What the task asks ::
Where the line with "exercise room featuring" appears below, start writing out lines exactly, and finish with the line with "Apartamentos Caceres *", which is included; write out nothing else.

Data for review ::

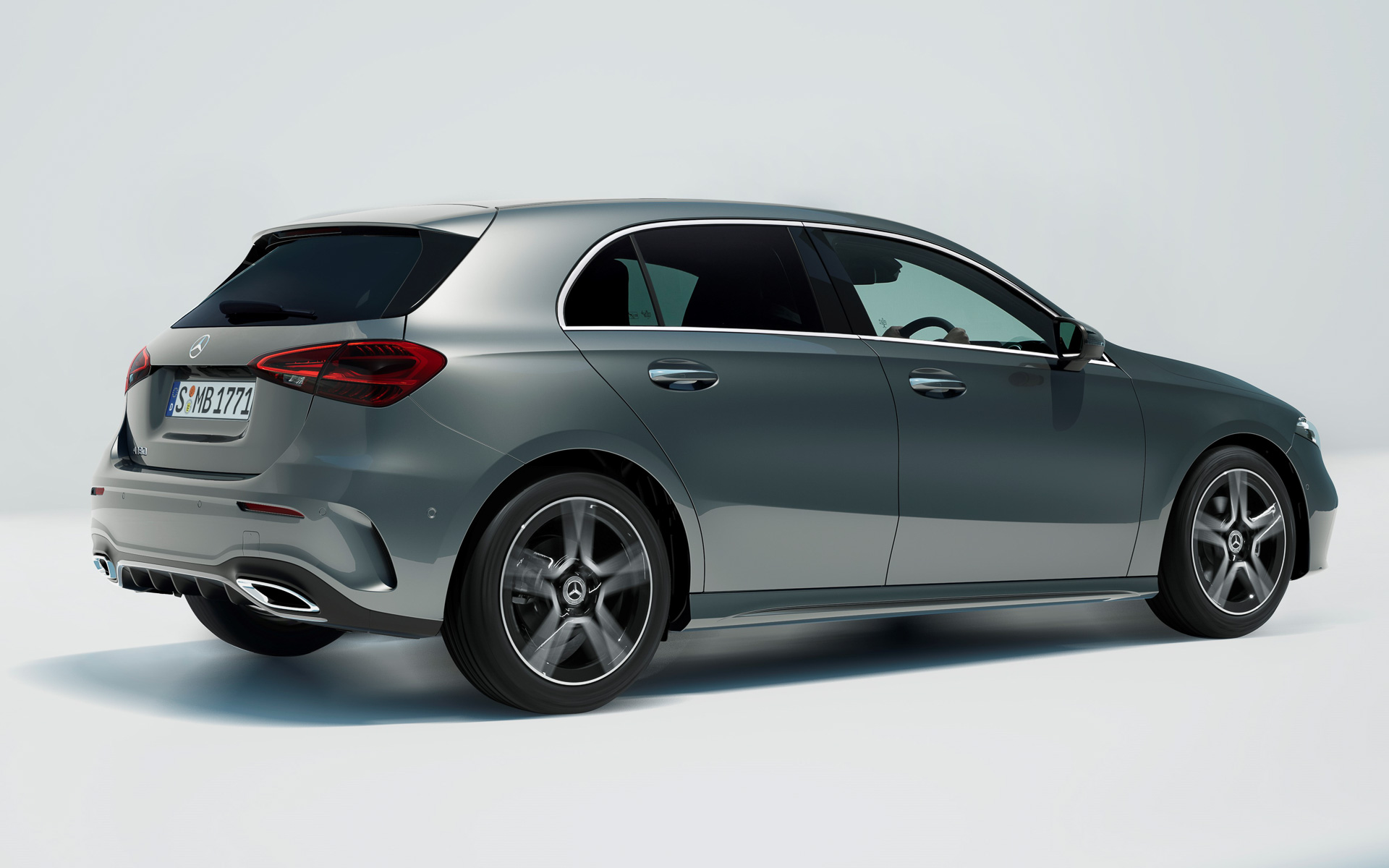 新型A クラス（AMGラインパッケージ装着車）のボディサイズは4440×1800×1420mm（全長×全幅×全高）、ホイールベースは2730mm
---
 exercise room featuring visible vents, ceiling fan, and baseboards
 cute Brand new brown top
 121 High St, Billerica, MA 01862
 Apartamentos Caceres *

Written response ::
 exercise room featuring visible vents, ceiling fan, and baseboards
 cute Brand new brown top
 121 High St, Billerica, MA 01862
 Apartamentos Caceres *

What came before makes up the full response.